Data:
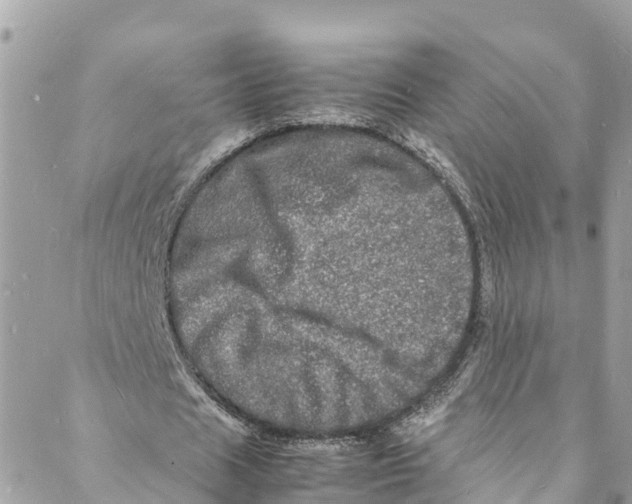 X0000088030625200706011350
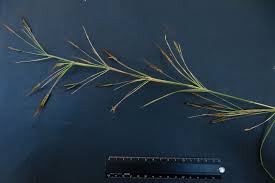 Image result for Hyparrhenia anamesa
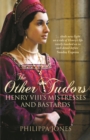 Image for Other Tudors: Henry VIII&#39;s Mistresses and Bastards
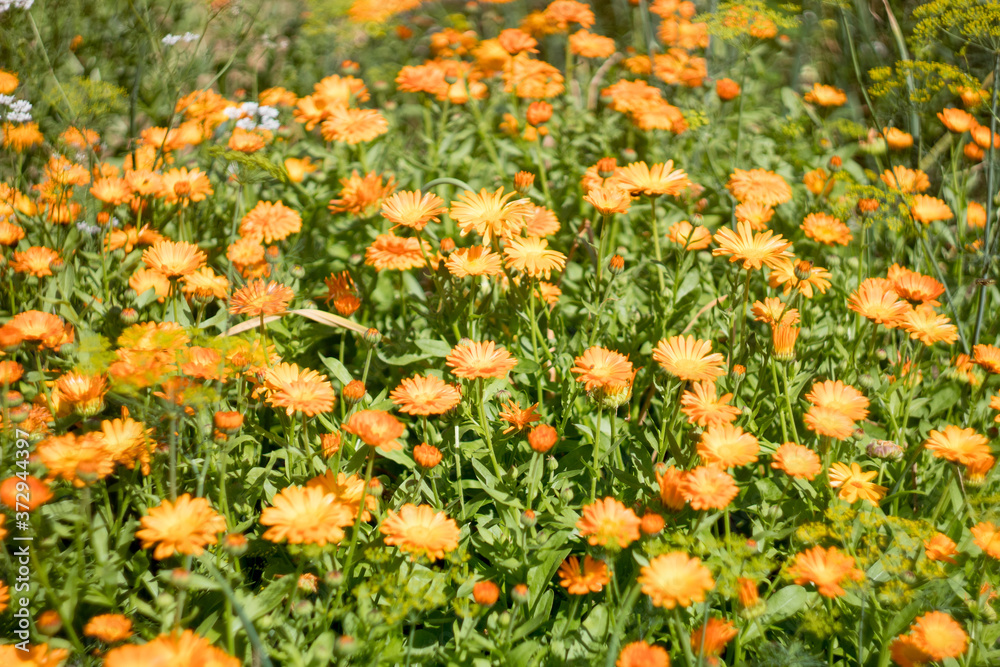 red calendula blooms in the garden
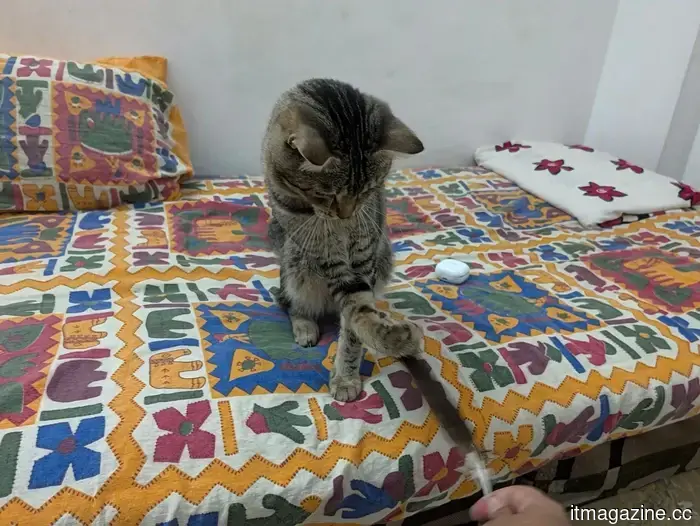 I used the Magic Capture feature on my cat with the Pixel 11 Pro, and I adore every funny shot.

---

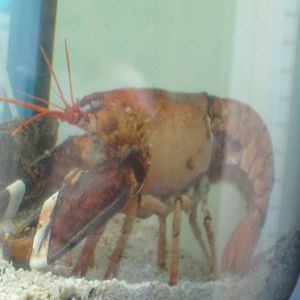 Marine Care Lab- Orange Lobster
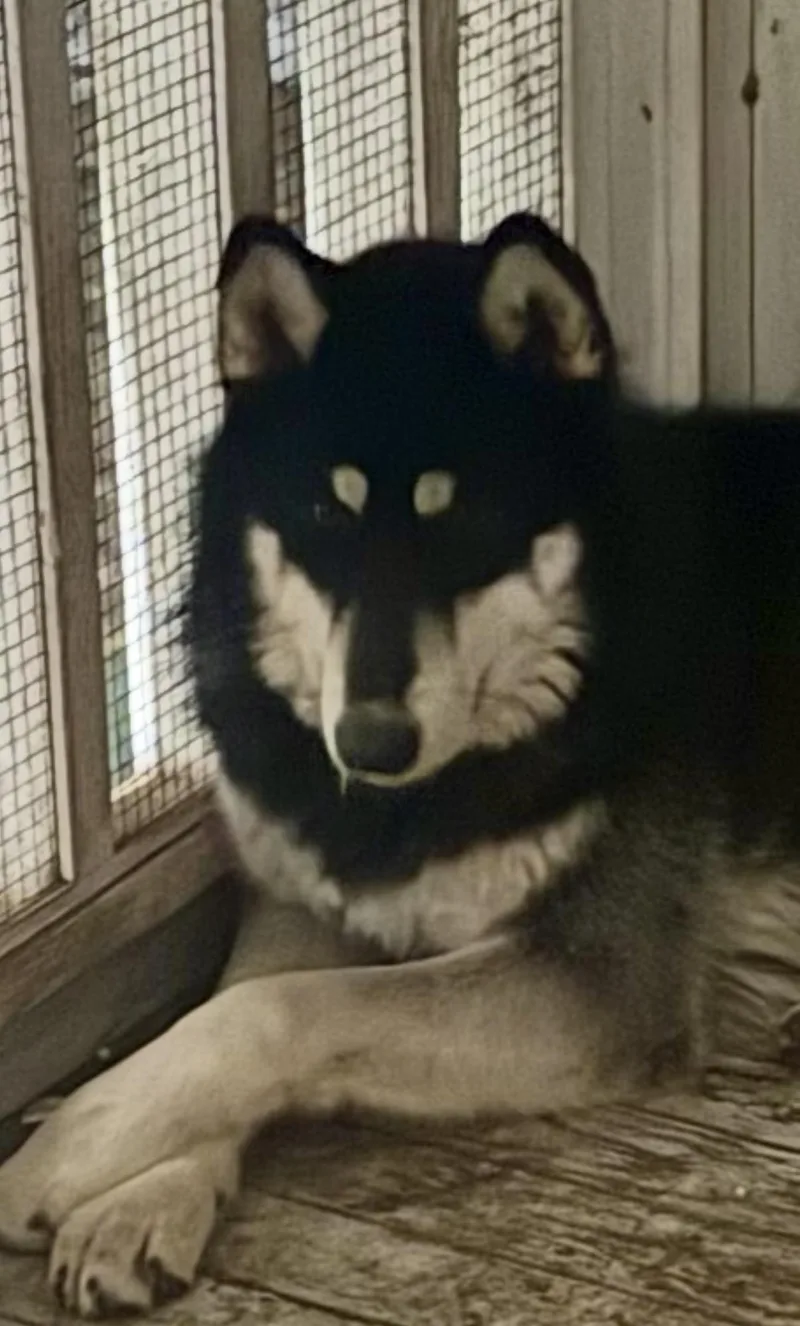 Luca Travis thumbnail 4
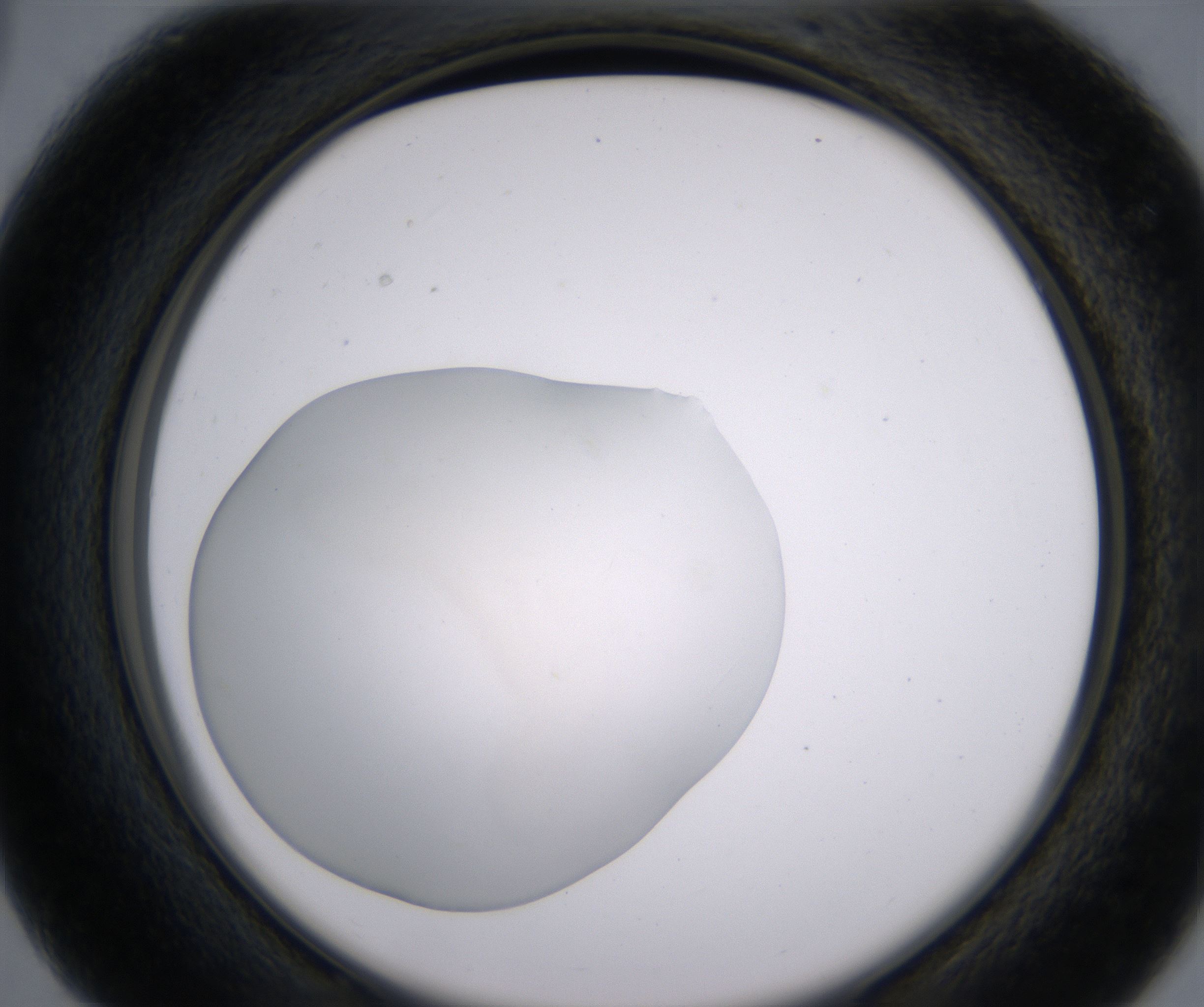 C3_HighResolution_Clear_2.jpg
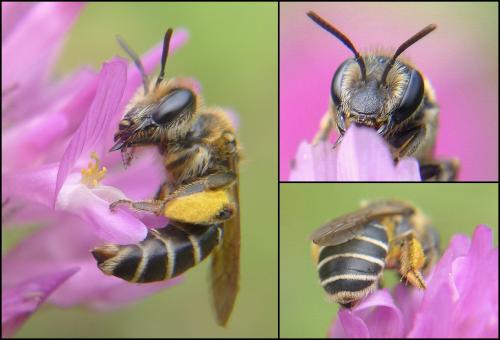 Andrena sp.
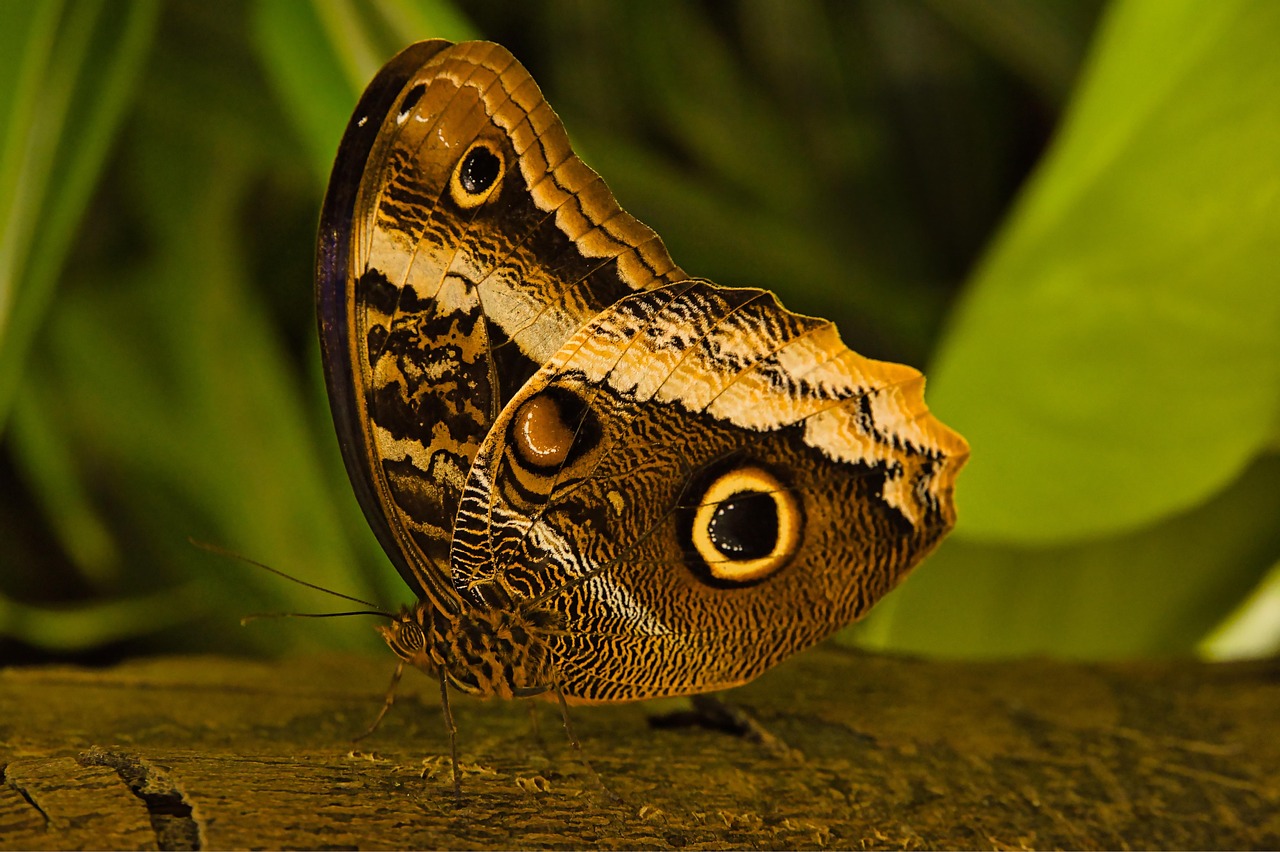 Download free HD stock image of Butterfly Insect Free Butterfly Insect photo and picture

==

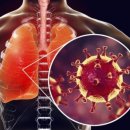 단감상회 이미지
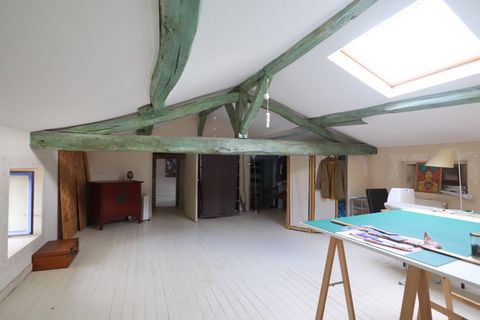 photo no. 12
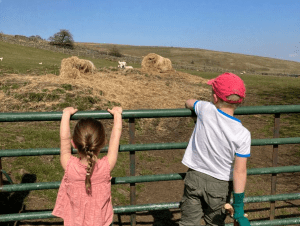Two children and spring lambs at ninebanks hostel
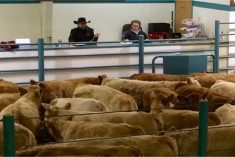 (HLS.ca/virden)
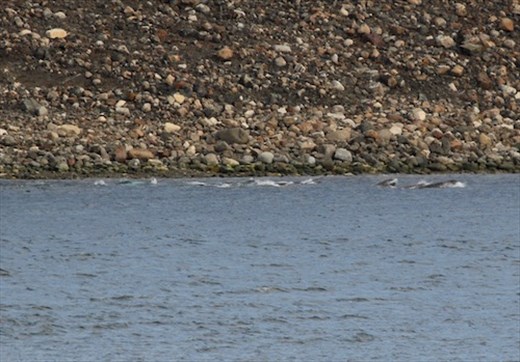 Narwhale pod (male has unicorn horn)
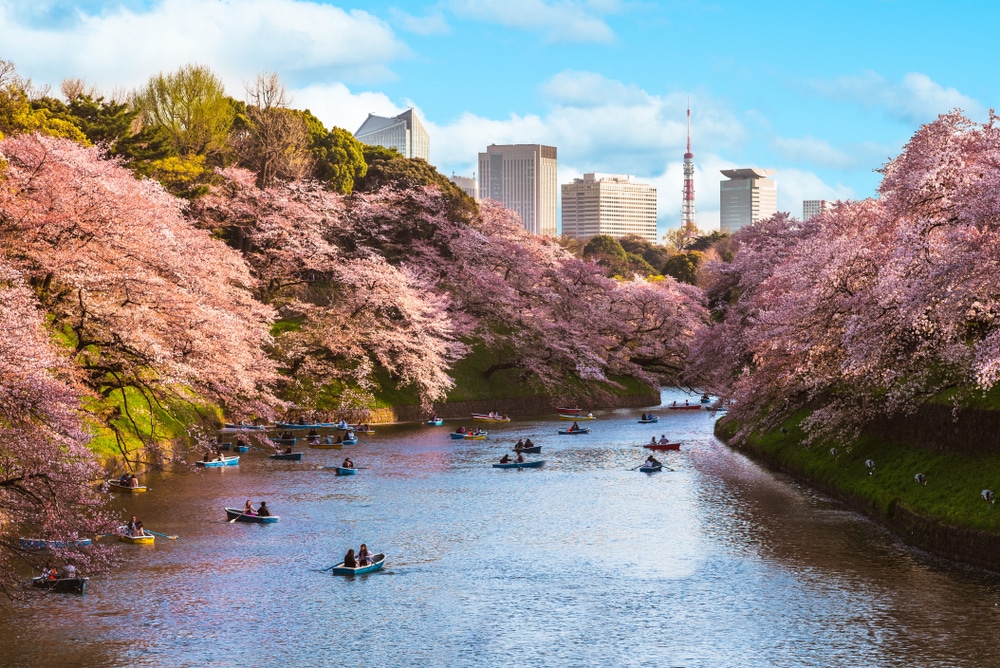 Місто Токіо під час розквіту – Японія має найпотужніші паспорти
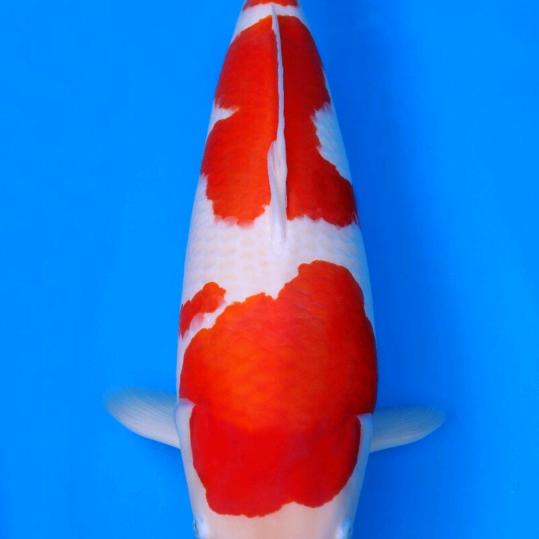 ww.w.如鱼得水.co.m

Task item:
The lines to set down run from the line with "X0000088030625200706011350" up to and including the line with "I used the Magic" in the entries above. Reproduce them exactly, with no pictures.

Result of the task:
 X0000088030625200706011350
 Image result for Hyparrhenia anamesa
 Image for Other Tudors: Henry VIII&#39;s Mistresses and Bastards
 red calendula blooms in the garden
 I used the Magic Capture feature on my cat with the Pixel 11 Pro, and I adore every funny shot.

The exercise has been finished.